With the expansion came strength. He -filled- with something cool and pure, and his failing mind became clear again. He convulsed a few more times, making noises he did not know he was capable of making, before finally settling into a steady rhythm of expanding and contracting, taking in the strength-giving substance and letting it go, over and over. He was shaking, mewling miserably, his eyes hurting and his body aching. Existence beyond the world was painful and it was -work.- He could not stop moving, or he felt sure he would stop living.
The vast presence surrounded him, touching him again, very gently. He felt something warm pass over him, warm like the world he'd broken, and the familiarity of the sensation soothed him a little. He moved awkwardly, cowering nearer to the vastness which seemed the only safe thing in the beyond. Sheltered by it, he curled up, twitching, blinking his ruined eyes and listening. The vastness was murmuring to him, low and quiet. He felt the warmth pass over him again and again, and gradually, he relaxed. Though he still labored to live, it was becoming easier and a less conscious effort as time passed.

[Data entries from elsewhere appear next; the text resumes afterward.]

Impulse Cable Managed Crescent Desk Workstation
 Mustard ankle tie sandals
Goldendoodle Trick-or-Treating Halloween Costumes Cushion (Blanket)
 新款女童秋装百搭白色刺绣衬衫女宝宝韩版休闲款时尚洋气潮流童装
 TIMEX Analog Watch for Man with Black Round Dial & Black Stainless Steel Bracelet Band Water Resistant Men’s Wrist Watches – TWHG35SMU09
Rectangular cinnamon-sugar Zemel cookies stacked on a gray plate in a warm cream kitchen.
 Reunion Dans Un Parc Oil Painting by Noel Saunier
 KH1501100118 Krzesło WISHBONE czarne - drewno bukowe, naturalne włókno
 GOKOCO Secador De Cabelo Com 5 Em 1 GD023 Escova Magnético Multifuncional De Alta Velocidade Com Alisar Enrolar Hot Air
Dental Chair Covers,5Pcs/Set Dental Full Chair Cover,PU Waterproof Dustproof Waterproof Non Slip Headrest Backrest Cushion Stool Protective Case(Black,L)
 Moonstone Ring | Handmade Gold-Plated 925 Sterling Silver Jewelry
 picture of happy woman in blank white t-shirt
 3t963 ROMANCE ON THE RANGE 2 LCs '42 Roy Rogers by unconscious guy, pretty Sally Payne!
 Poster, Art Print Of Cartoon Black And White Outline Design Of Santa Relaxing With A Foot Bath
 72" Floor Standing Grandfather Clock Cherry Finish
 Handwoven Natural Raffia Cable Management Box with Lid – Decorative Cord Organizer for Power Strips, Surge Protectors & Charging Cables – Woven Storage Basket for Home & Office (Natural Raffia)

He was almost asleep when another vastness approached. He turned his hearing in the direction of the sound. It had a voice, as well, deeper than the first. The two growled and muttered in their low, vibrant tones for a time. He felt another touch, this one a bit harder, but no less gentle than those of the first vastness.
The voice of the first vastness whispered near him. The sound it uttered once, again, over and over. He realized something incredible; the sounds were -meant- for him to hear. They were being made for him, to him. The second vastness joined the first in repeating the sound. He memorized it quickly.
"Mer-kwus."
They made the sound over and again, first together, and then one at a time. The first vastness would say it until he turned his attention in that direction, and then the second vastness would do the same. His burned eyes all but forgotten, he began to answer each utterance of the sound with the only sound he knew how to make in return: a scream.
"Mer-kwus," said the first, and he screamed in answer. "Mer-kwas," said the second, and the screamed again.
He conceived of communication. They spoke to him, and he responded.
He grew tired quickly. There was so much beyond the world, he'd almost forgotten his purpose in breaking it. At last, the summons from the vastness became fewer and farther between, and his raw voice became quieter each time he answered. The two presences surrounded him, shielding him from the intense heat of the light that had burned him. He settled, no longer afraid, but still confused. He could no longer hear the screaming of the other. He wondered why.
He closed his eyes and decided he would search for the other later. For now, he was safe, and he was exhausted. The vast things surrounding him muttered to each other, and every once in a while, he would catch the sound again, "Mer-kwus." He understood that they were communicating about -him.-
-Merkuus.- He understood his name.
Surrounded by vastness and the sound of his identity, he drifted off to warm, blind, quiet sleep.